Un modello non nuovo, se si pensa alla Mediobanca storica, delle banche Iri e della Fiat, e alle stesse Generali di oggi, dove il management coltiva anche soci legati alla compagnia da affari comuni. Ma mentre Cuccia e Maranghi non persero mai un quattrino, negandosi perfino ai disegni del loro grande azionista Raffaele Mattioli, e i loro eredi non sgarrano con gli affidamenti, e mentre le Generali guadagnano nell’Est Europa, almeno finora, Capitalia ricavava vaste sofferenze dal rapporto con i suoi debitori di riferimento. E Geronzi in quel mare di cattivi crediti navigava da par suo.
 La ricostruzione dell’affare Eurolat, la società  del gruppo Cirio imposta a Parmalat per riuscire a far recuperare alla Banca di Roma circa 500 miliardi di lire di crediti verso Cragnotti altrimenti inesigibili, inchioda alla responsabilità  diretta il comitato esecutivo dell’istituto capitolino, advisor di entrambe le parti e garante della riservatezza dell’operazione, alla faccia dei conflitti d’interesse. E se pure la trasformazione del resto dei crediti di dubbia qualità  verso Cirio in obbligazioni sottoscritte dalle banche e ricollocate presso la clientela minuta è andata in prescrizione, la sua morale resta, è assai triste e non solo perché Matteo Arpe, che sollevò il coperchio su quella pentola, non durò poi a lungo.

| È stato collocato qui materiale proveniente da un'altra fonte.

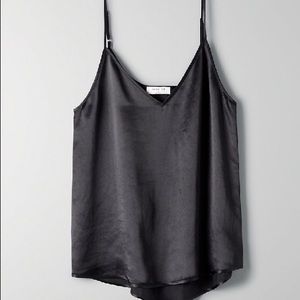 Aritzia Babaton Everly Camisole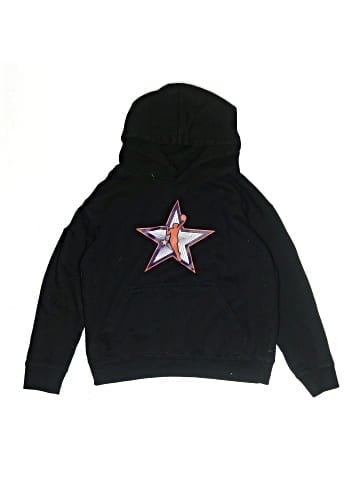 Outerstuff Pullover Hoodie (view 1)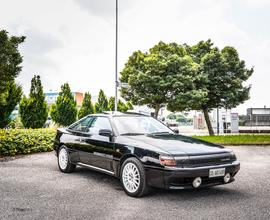 TOYOTA Celica ST165 GT-FOUR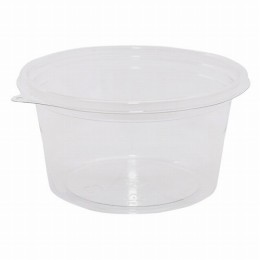 500ml　ディスポカップ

Quell’operazione si reggeva in tanto in quanto le obbligazioni spazzatura Cirio potevano essere cedute agli ignari utilizzatori finali degli sportelli bancari. A ben guardare, è lo stesso schema degli incensurati banchieri di Wall Street, che hanno trasformato i crediti di peggior qualità  in titoli finanziari, promossi dalle agenzie di rating, affinché potessero essere profittevolmente riciclati presso utilizzatori finali, le banche di tutto il mondo, non meno ignare, di fatto, degli obbligazionisti Cirio, ma forse complici di un sistema che non va.